The story centers around Shira, a bright young woman who makes a bad mistake; she marries the wrong man. Pigeonholed by the large "multi" (corporation) who bid for her services when she graduated, she's living on borrowed time in the safe but stifling domed city built by her multi to house the workers and managers against the perils of the polluted open lands and even more perillous decayed and overpopulated metropolis ("Glop" for short.)

Shira doesn't realize how short her time really is, and how soon she will be moving on, leaving behind her job, and much much, more of value to her. She moves home to one of the free cities on the seashore, deemed unsafe by virtue of severe weather (a gift of global warming.) She moves in with her grandmother and takes a job with Avram, a cybernetics expert. Avram has created a golem, a robot, a protector of the Jewish free city. Shira is hired to teach the robot, and develops a strange relationship with the creature, who, like Frankenstein's monster, is filled with both love and hate. Meanwhile, she must deal with her own past and past loves, and learn why she made bad decisions. Shira threads a path filled with dangers, but comes out stronger and wiser.

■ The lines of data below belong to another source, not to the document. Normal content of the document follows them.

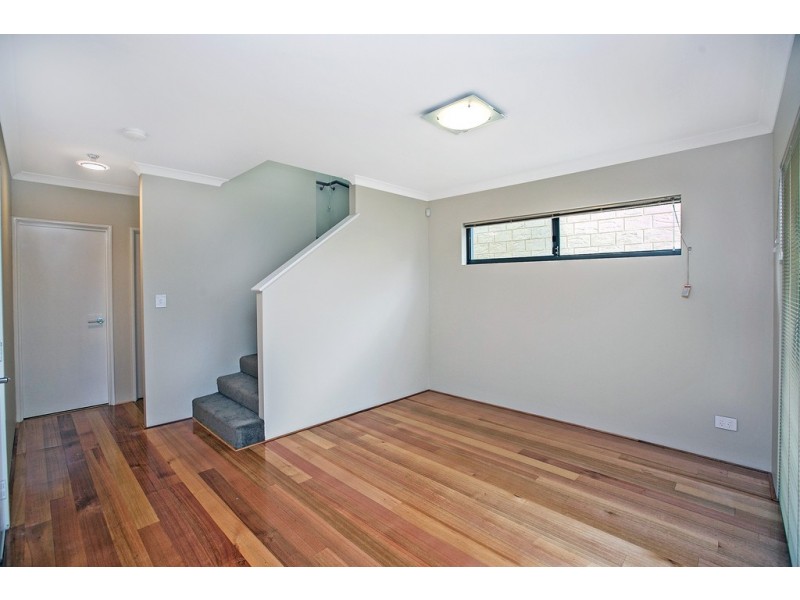 11 Clague Street, Rivervale WA 6103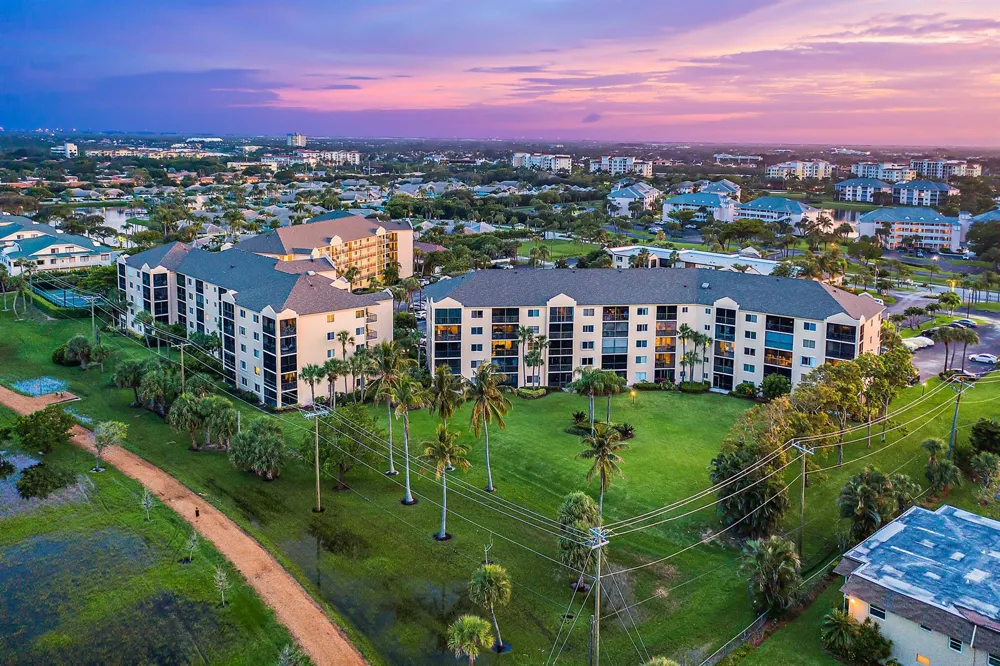 275 PALM AVENUE #C302 Jupiter, FL 33477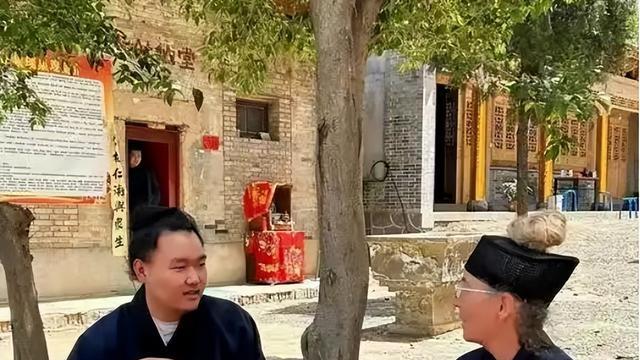 2001年，法国医学女博士放弃高薪工作，来中国当道士，如今怎样了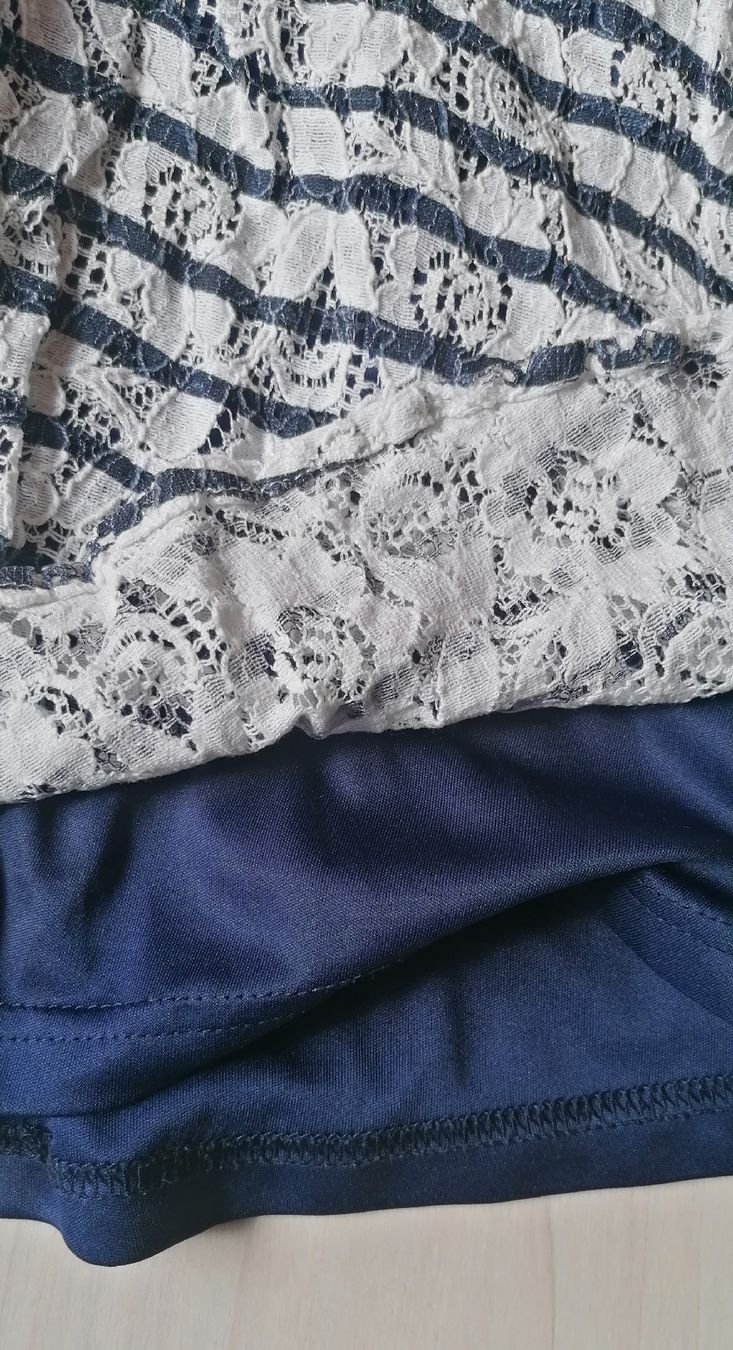Vestiti & Gonne: Robe – Usato da Montcherand venduto da petiteoune75 2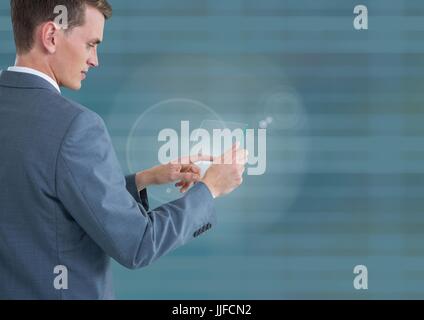 Composito Digitale di imprenditore azienda tablet in vetro blu con sfondo rigato Foto Stock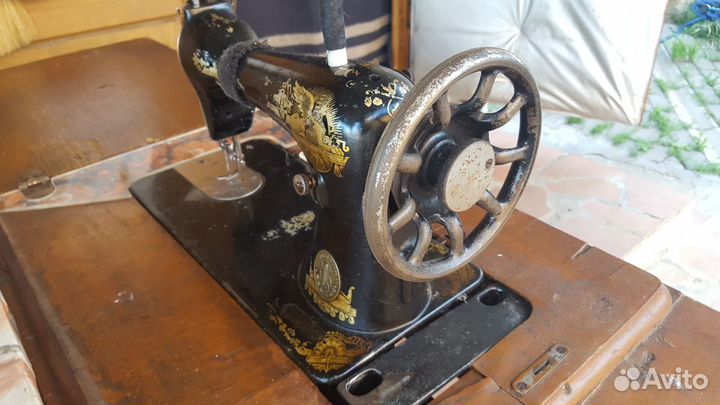 Швейная машинка ножная П.Г.М.З. класса Zinger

Not without a high price, however.

Piercy mixes the legend of the Golem from the Ghetto of Prague (a clay creature created by a rabbi to protect the people from a pogrom) and a fast-paced parallel story full of adventure. This story-by-story structure will be familiar to readers of other novels by Piercy such as "Woman on the Edge of Time" where a woman in an insane asylum shifts between her present reality and the future of the year 2037.

This is an extraordinary novel. If you liked "The Matrix" and "The Handmaid's Tale" you will love "He, She and It." I don't think it's quite as good as Piercy's superb "Woman on the Edge of Time" but this is a worthy novel that had me reading it cover to cover without stopping. Highly recommended.

Rating: 3 stars
Summary: both historical fiction and sci-fi
Review: This novel presents parallel stories of the Golum of Prague and the cyborg of the future, both "men" created to protect the societies in which they were "born." Both evolve beyond "creature" or "robot" to become self-aware and fall in love with a human woman, and thus become so threatening that they are destroyed by the humans they seek to embrace. As a non-Jewish reader, I was inspired to look up the history of the golum in Jewish Kabbalah legends and surprised to find out that there is a statue of the legendary golum in Prague. The story stalls in the middle third as the same-old-love-story unfolds ... tediously. I would have liked more depth and detail on the various societies Piercy hints at in the future, expecially the great masses that survive in apparent anarchy in this post-apocalyptic world. The ending is too pat; why didn't Yod disappear into the Glop? Great concept, though.